Un débat sur la langue française dérape à CTV
Philippe Melbourne Dufour
Ce texte s’inscrit au catalogue du «Centre d’observation du Québec-Bashing», présenté par le Sac de chips.
• À lire aussi: Jagmeet Singh et le mot en «f»
• À lire aussi: Une journaliste anglophone fait un commentaire douteux sur le drapeau des Patriotes et «s’excuse»
• À lire aussi: Un YouTubeur anglophone critique sévèrement le bilinguisme canadien
• À lire aussi: Trois fois où le magazine Maclean’s a semé la controverse en parlant du Québec
Une table ronde diffusée sur les ondes de CTV vendredi dernier à propos de si oui ou non la langue française devrait être protégée au Québec s’est transformée en véritable (pardon my french) shitshow.
Premièrement, poser cette question est y répondre.

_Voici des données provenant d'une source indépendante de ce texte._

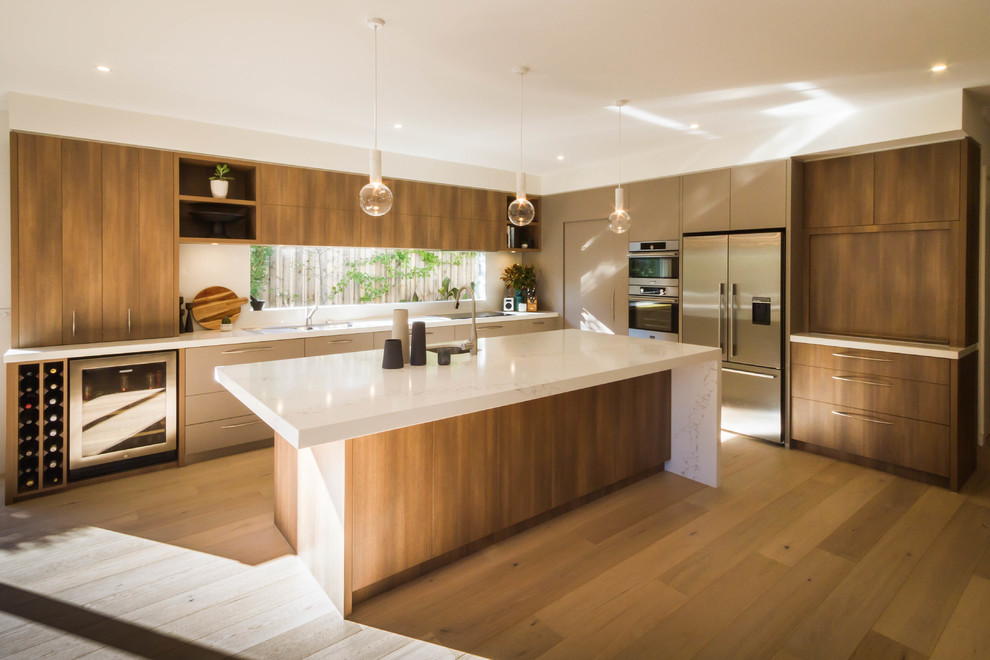 Bild på ett stort funkis kök, med en undermonterad diskho, bänkskiva i kvarts, vitt stänkskydd, stänkskydd i sten, rostfria vitvaror, mellanmörkt trägolv och en köksö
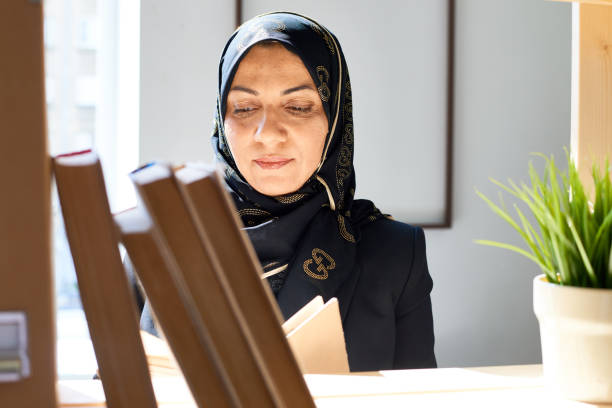 Ethnic woman in hijab with book Adult Muslim woman reading book standing at wooden shelf in sunlight middle eastern ethnicity mature adult book reading stock pictures, royalty-free photos & images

Deuxièmement, si on veut réellement avoir une discussion sur cette question, il faut beaucoup plus qu’une série d’amalgames, de demies-vérités et de statistiques qui ne veulent rien dire.
Alors, pourquoi est-ce que l’émission quotidienne The Social a jugé que c’était primordial de dédier huit de ses 43 minutes à ce sujet?
Comme tout débat de société important impliquant le Québec, celui-ci a été déclenché par la publication d’une lettre ouverte sur le site Cult MTL.
Dans la publication intitulée «A rant from an American about French language issues in Quebec», une Américaine ayant passé deux semaines au Québec en 2007 s’exprime sur ses impressions par rapport à la santé du français dans la Belle Province.
Parmi les exemples qu’elle cite pour exprimer que la langue de Molière se porte bien figure le fait que Kentucky Fried Chicken a été traduit en Poulet frit à la Kentucky.
Cependant, par ses mots, l'auteure de la lettre Charity Dell résume probablement comment les tensions linguistiques qui existent ici sont perçues par l’extérieur, qui n’est pas conscient de tout le bagage associé à ce combat.
Maintenant, pour revenir à nos moutons.
La chroniqueuse du Toronto Star Shree Paradkar lance le bal en disant que si le Canada était désert avant l’arrivée des colons français et anglais, elle serait plus investie dans la survie de la langue française. Elle rappelle ensuite que les Québécois sont responsables pour avoir éliminé les langues autochtones du pays, ce à quoi les trois autres panélistes ont répondu avec des «Mmmh» enthousiastes.
La journaliste Jan Wong enchaîne en disant que le français n’est pas en danger vu que la France et plusieurs de ses colonies existent encore. Elle dit qu’elle croit que les inquiétudes des Québécois ne sont pas réellement à propos de la langue, mais à propos de protéger leur «tribu». À titre d’exemple pour prouver ce point, elle dit que lorsqu’elle était à Montréal, son coiffeur, originaire de Paris, se sentait exclu lorsqu’il parlait avec des Québécois, même s’il était d’expression française, à quoi les trois autres panélistes ont répondu avec des «Mmmh» enthousiastes.
L’animatrice de l’émission Melissa Grelo revient avec le fait qu’on parle français dans plusieurs colonies, donc la langue n’est pas en danger. Ensuite, elle dit qu'il y a même un organisme qui sert de police à la langue. On pourrait croire à tort qu’elle parle de l’OQLF, mais non. Elle parle de l’Académie française. Selon sa compréhension de l’institution qu’elle qualifie de société secrète, son but est de servir d'arbitre et de police à la langue.
Ici, Paradkar relance en parlant de la loi 21. Une loi qui n’a aucun lien avec la langue. Jan Wong enchaîne en expliquant l’expression «pure laine», en disant que l’important n’est pas de parler français, mais bien de faire partie de la bonne tribu.
Au bout de l’extrait de huit minutes, les quatre femmes sont arrivées au consensus que le français ne devrait pas être protégé pour les raisons suivantes:
- D’autres langues ont déjà disparu
- Les Québécois sont une tribu
- Un coiffeur parisien ne s’est pas senti le bienvenu à Montréal
- Les colonies parlent français
- L’Académie française
- La loi 21
Si, après tout ça ,vous souhaitez commencer à parler anglais, nous ne vous jugerons pas. Ce sont de bonnes raisons après tout.